The Court of Appeal issued a written judgment on 8 April, quoting extensively from the trial judge. It said the trial judge was plainly correct in taking the view that the imposition of strict liability would promote the aim of the legislation – to ensure that those employed in Cayman are protected by health insurance.
Strict liability means that the defendant’s state of mind is irrelevant. As Justice Dale Sanderson explained to jurors, it was not necessary for the prosecution to prove that Mr. Bowen and Air Tech intended to not effect and continue a health insurance contract for the employee.
All that was necessary was to show that events occurred. It was not necessary to prove that the discontinuation of the policy and the continuation of deductions were intentional or came about by negligence or recklessness or lack of knowledge. The trial judge also said it was not a defence to say that the employer did not have the funds to pay the insurance premium.

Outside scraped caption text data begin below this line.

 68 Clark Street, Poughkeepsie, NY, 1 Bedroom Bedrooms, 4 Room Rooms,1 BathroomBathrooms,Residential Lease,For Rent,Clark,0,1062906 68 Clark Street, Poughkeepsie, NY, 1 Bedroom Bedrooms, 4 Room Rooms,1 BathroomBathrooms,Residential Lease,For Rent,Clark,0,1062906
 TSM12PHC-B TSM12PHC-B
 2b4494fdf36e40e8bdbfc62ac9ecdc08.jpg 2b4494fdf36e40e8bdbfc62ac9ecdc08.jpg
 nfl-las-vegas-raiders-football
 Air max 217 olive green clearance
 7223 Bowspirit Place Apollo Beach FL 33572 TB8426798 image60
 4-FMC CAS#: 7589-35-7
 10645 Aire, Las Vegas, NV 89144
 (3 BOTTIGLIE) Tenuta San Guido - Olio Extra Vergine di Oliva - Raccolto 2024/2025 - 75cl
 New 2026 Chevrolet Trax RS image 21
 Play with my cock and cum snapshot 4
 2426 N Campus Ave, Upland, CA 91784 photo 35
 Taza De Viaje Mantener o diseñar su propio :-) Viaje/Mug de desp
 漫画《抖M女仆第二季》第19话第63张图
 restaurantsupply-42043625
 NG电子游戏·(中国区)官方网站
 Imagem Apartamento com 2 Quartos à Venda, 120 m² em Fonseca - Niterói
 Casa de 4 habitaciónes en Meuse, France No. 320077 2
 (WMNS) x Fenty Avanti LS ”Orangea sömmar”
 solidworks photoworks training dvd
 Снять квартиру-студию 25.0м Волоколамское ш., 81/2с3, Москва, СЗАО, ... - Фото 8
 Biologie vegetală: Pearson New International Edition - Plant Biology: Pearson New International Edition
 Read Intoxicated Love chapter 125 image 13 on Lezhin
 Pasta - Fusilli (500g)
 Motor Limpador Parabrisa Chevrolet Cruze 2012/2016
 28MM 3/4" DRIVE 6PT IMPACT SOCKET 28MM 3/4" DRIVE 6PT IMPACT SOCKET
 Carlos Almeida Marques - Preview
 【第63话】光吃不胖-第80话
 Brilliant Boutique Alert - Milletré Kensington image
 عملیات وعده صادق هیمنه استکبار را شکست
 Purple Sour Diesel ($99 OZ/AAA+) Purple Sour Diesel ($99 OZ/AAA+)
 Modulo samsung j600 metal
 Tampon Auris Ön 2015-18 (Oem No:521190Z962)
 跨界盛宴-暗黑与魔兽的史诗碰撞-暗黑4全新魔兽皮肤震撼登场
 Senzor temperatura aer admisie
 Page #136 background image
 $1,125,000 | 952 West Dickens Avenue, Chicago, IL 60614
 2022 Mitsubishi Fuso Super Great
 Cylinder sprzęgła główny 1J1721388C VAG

Senior Crown Counsel Trevor Ward, who conducted the case for the prosecution in Grand Court replied to the ground of appeal argued by Mr. Allen. He welcomed the judgment and said it had cleared up several issues, including the obligation of the employee to keep his/ her employer informed about any change in the number of dependants to be covered.
In Grand Court Mr. Bowen and Air Tech were fined $5,000 each for failure to have health insurance in place. Air Tech was fined $2,500 for the unlawful deduction from an employee’s pay. The Court of Appeal did not interfere with these sentences.